More recently, it has become possible to search for the mutations underlying mendelian diseases by skipping the step of family-based linkage, instead sequencing the genome of the individual and searching for mutations that might explain the disease. If the gene is already known and the mutation easily interpreted (e.g., truncating the protein), this approach is highly efficient and successful. If the gene is rarely mutated and not yet known to cause the disease, or if the mutations are in noncoding regions, direct sequencing still runs up against the analytical and clinical challenge of genome interpretation.

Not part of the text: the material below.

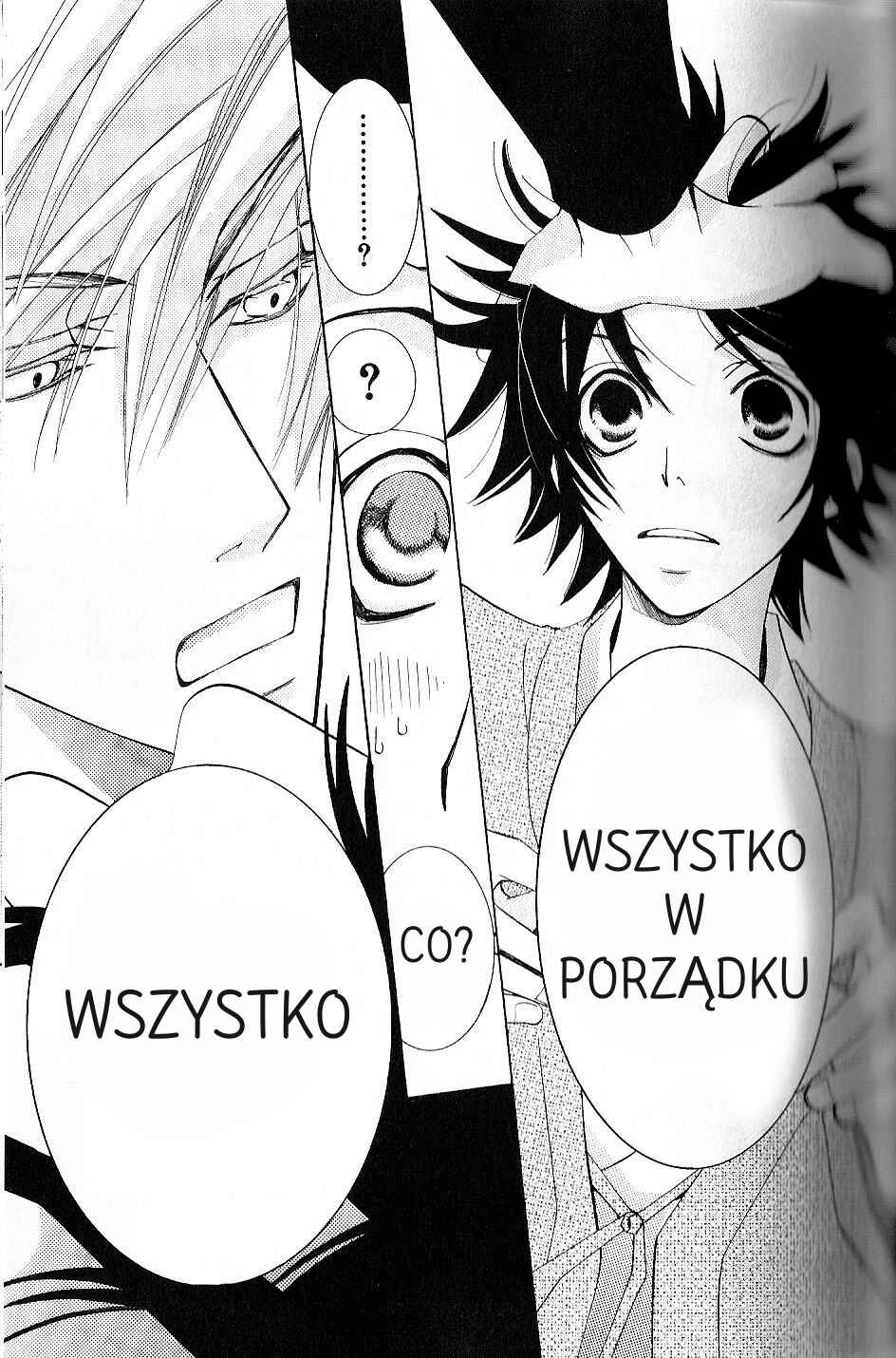 Junjou Romantica Chapter 37 - Page 43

Similar to mendelian disorders, most common diseases are influenced by inheritance. In contrast to mendelian disorders, the genetic contribution to common diseases is typically due to the action of many genes rather than a single gene in each family. Empirical evidence in favour of this model comes from classical family studies, which failed to observe classical mendelian ratios for common diseases. In the 1990s, the tools of family-based linkage analysis were applied to nearly all common disorders. Much of this work was done in isolated founder populations (such as Finland and Iceland) with the goal of simplifying the genetic architecture and accessing extended pedigrees. Excepting a few notable successes, these studies revealed few strong signals that localized the genes responsible for disease, indicating that few cases of common diseases are due to individual genes of large effect. If a single gene contained rare mutations of large effect that explained 20% or more of the inherited risk for type 2 diabetes, hypertension, or schizophrenia, it would long since have been found with linkage analysis.

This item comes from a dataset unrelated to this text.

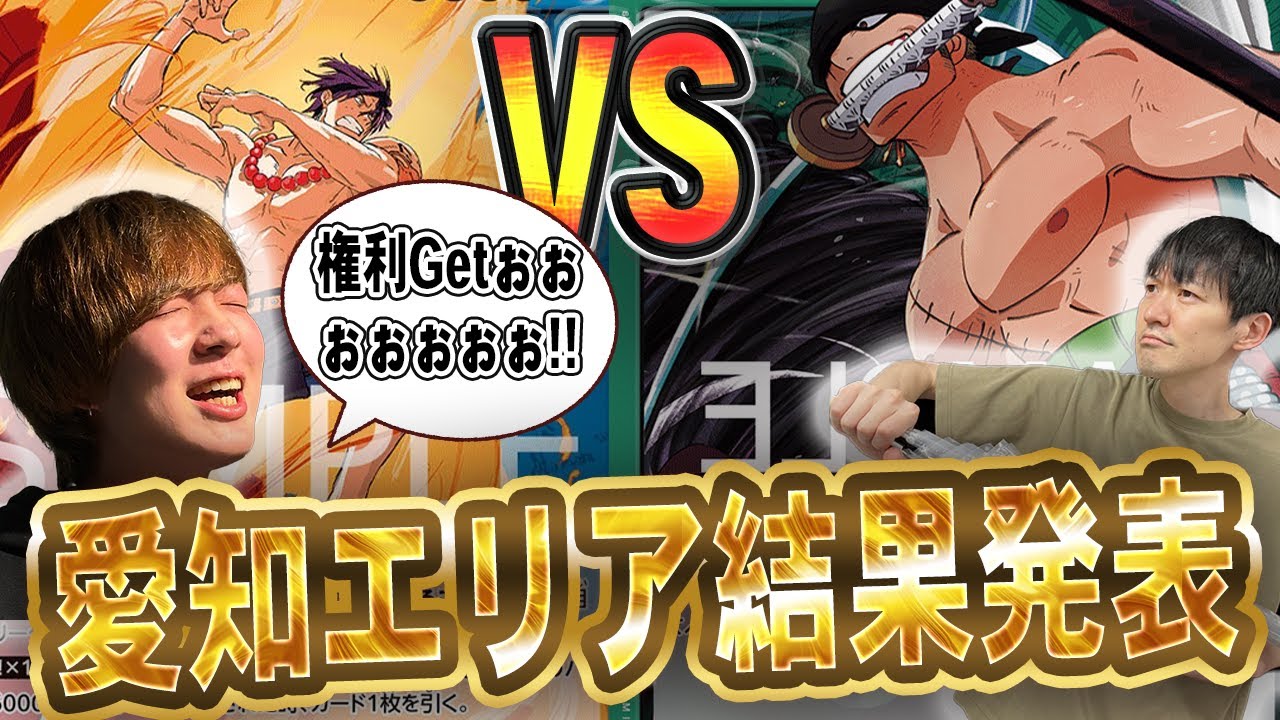 【大型大会入賞！】ワンピースの大型大会にメンバー２人で出たので結果発表！+使用したデッキでガチ対戦。【緑ゾロ】【赤青エース】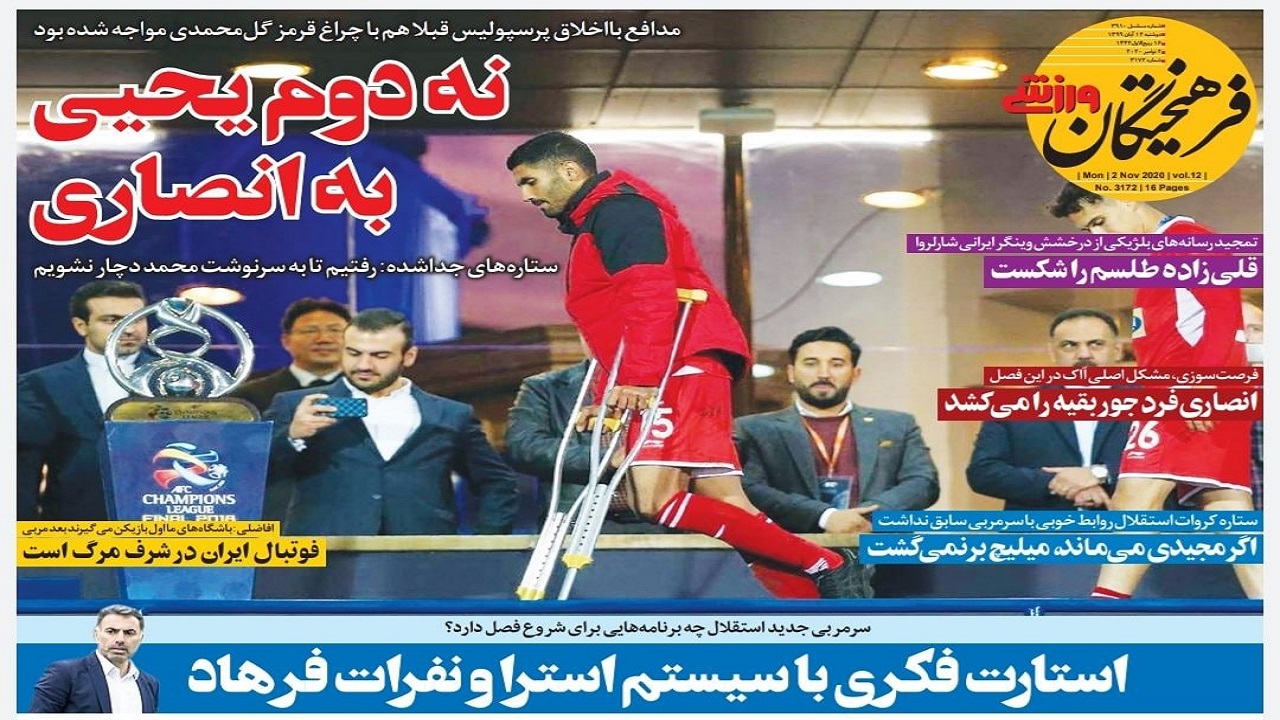 روزنامه&zwnj;های ورزشی ۱۲ آبان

The next shortcut to understanding the genetic determinants of common diseases was to identify and study rare families with early-onset forms of common diseases that clearly demonstrate mendelian patterns of inheritance. Important examples include the role of BRCA1 and BRCA2 in early-onset breast cancer, maturity-onset diabetes of the young as a form of type 2 diabetes, many monogenic disorders of blood pressure and electrolyte regulation, early-onset Alzheimer disease, and many others.

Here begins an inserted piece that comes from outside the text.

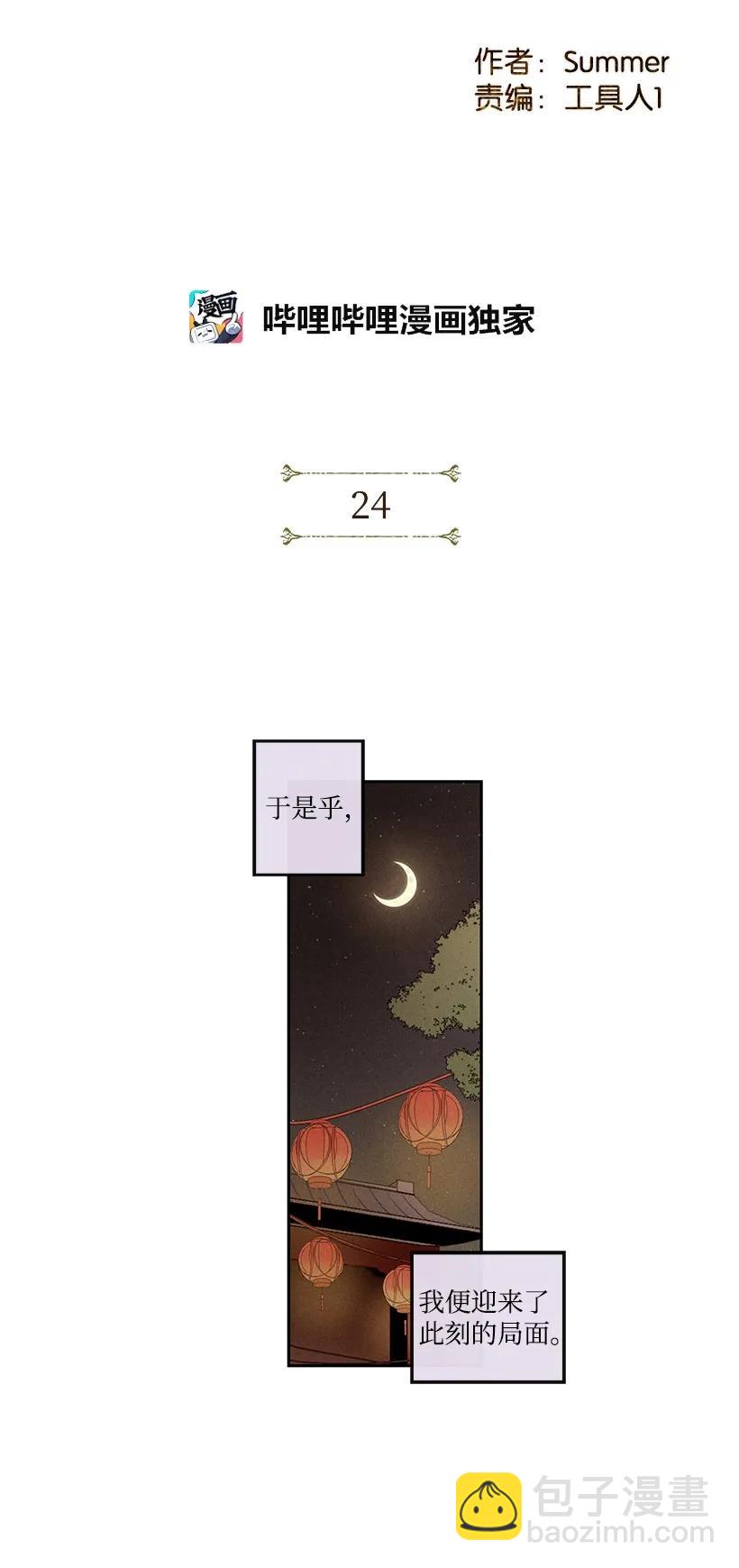 龍下雨的國家 - 24 24 - 2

These successes provide diagnostic information for families burdened with severe, early-onset forms of disease and insight into the underlying pathways responsible for disease. For example, more than 20 genes have been identified that, when mutated, cause rare mendelian disorders of blood pressure and electrolyte regulation. So far, every one of these genes is active in the kidney, and most are involved in the renin-angiotensin-aldosterone pathway. This result is a compelling demonstration of the central importance of the kidney in human blood pressure regulation and has suggested new therapeutic targets of substantial promise.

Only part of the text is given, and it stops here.